**ACTIVITY**.
These records contain pictures, which must be left out; copy exactly the lines from the one with "RGB Low Voltage" up to and including the one with "Briony Sleeveless One-Shoulder Top".

►

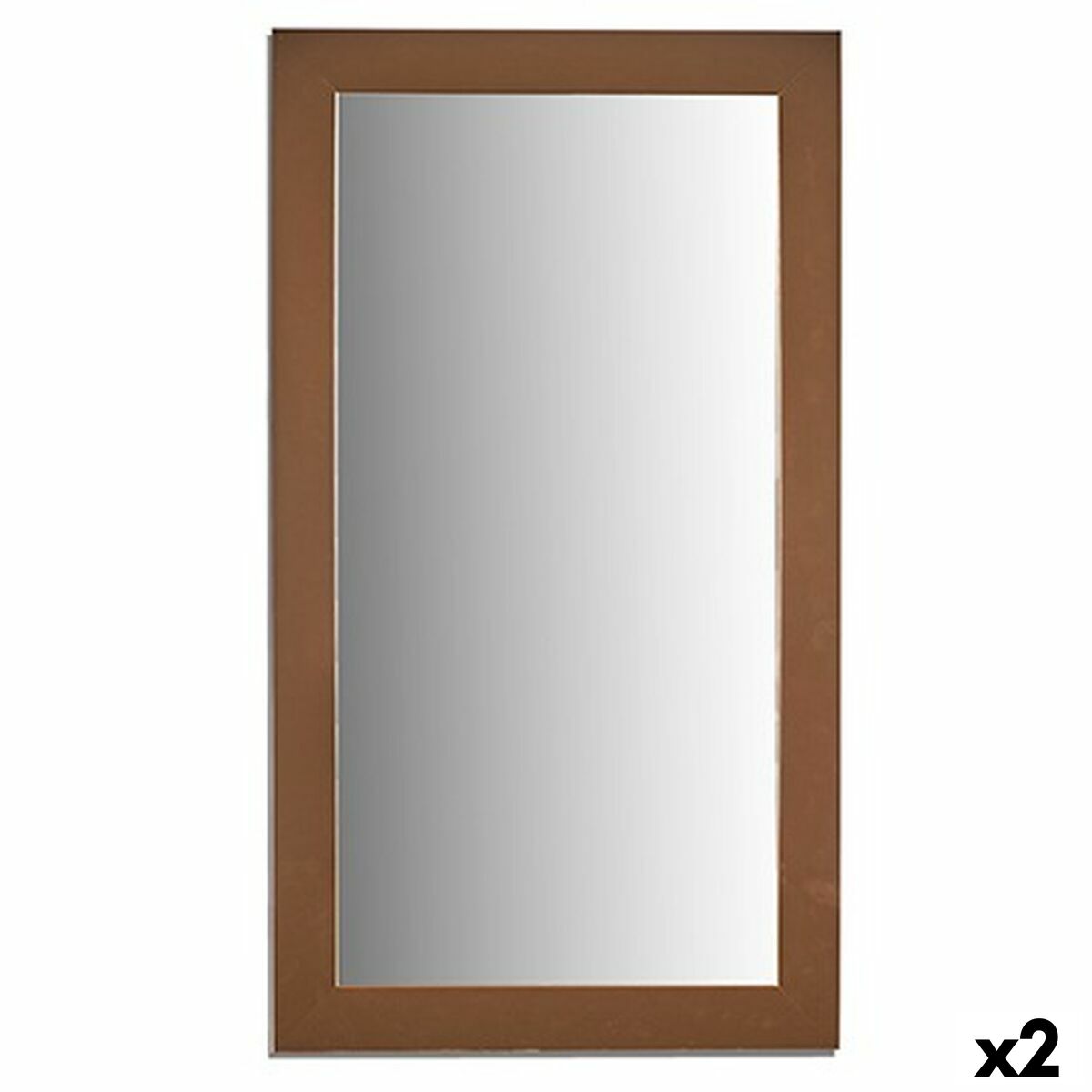 Gold Wall Mirror Wood Glass 64.3 x 84.5 x 1.5 cm (2 Units)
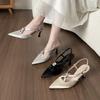 Fashion Elegant Rhinestone Narrow Band Pumps Women Sexy Pointed Toe Satin Slingback High Heeled Sandals Fashion Comfort Party Dress Shoe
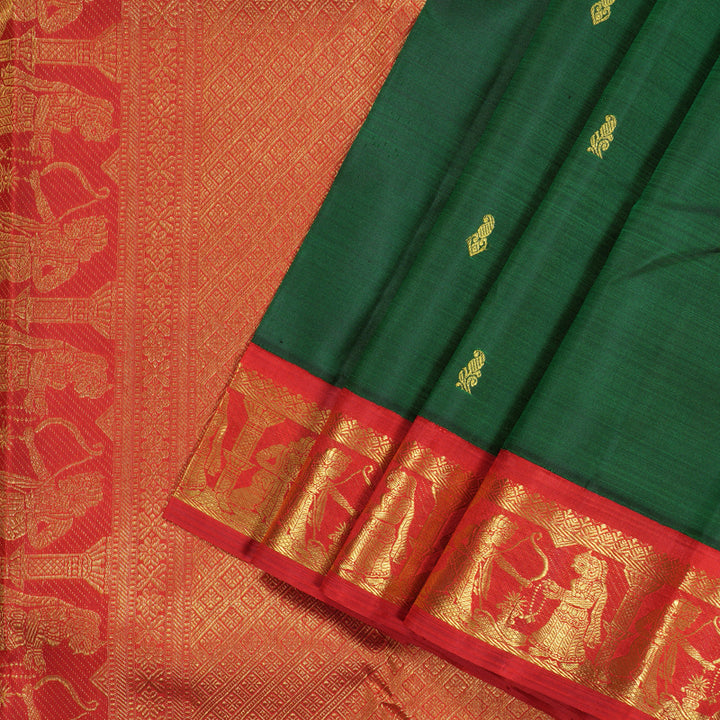 Hayagrivas Bottle Green Handloom Kanjivaram Silk Saree with Red Border KBD2060C5-11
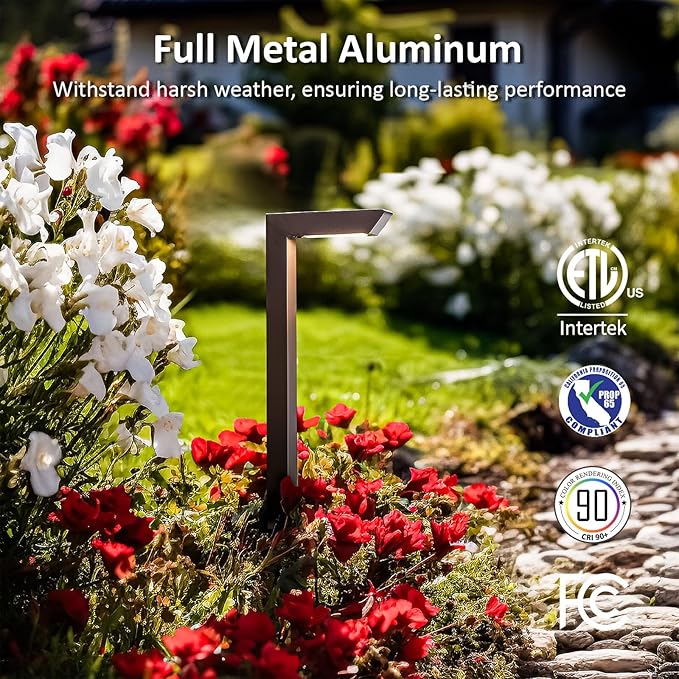 RGB Low Voltage Landscape Pathway Lights Wired Outdoor | 12V 5W LED Color Changing Landscape Lighting for Pathway Path Walkway Driveway of Christmas Halloween, Aluminum, Bronze, 6PK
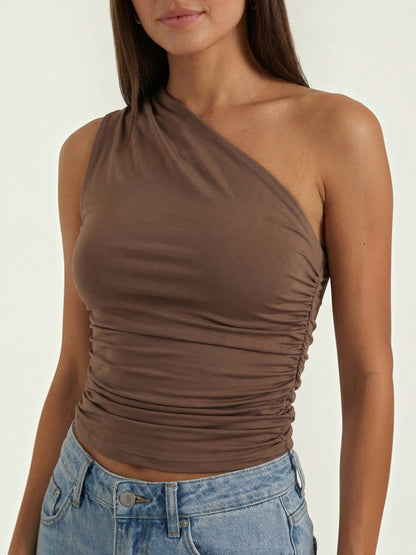Briony Sleeveless One-Shoulder Top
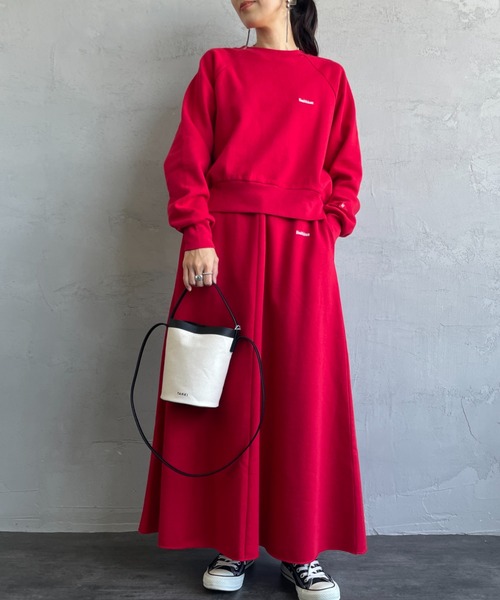 Healthknit（ヘルスニット）の「[HEALTHKNIT/ヘルスニット] 別注 クラシックスウェット マキシ丈フレアスカート（スカート・レディース・ピンク/チャコール/ブルー/グレー/レッド・M/S）」の11枚目の写真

◄

**EXERCISE RESPONSE**.
 RGB Low Voltage Landscape Pathway Lights Wired Outdoor | 12V 5W LED Color Changing Landscape Lighting for Pathway Path Walkway Driveway of Christmas Halloween, Aluminum, Bronze, 6PK
Briony Sleeveless One-Shoulder Top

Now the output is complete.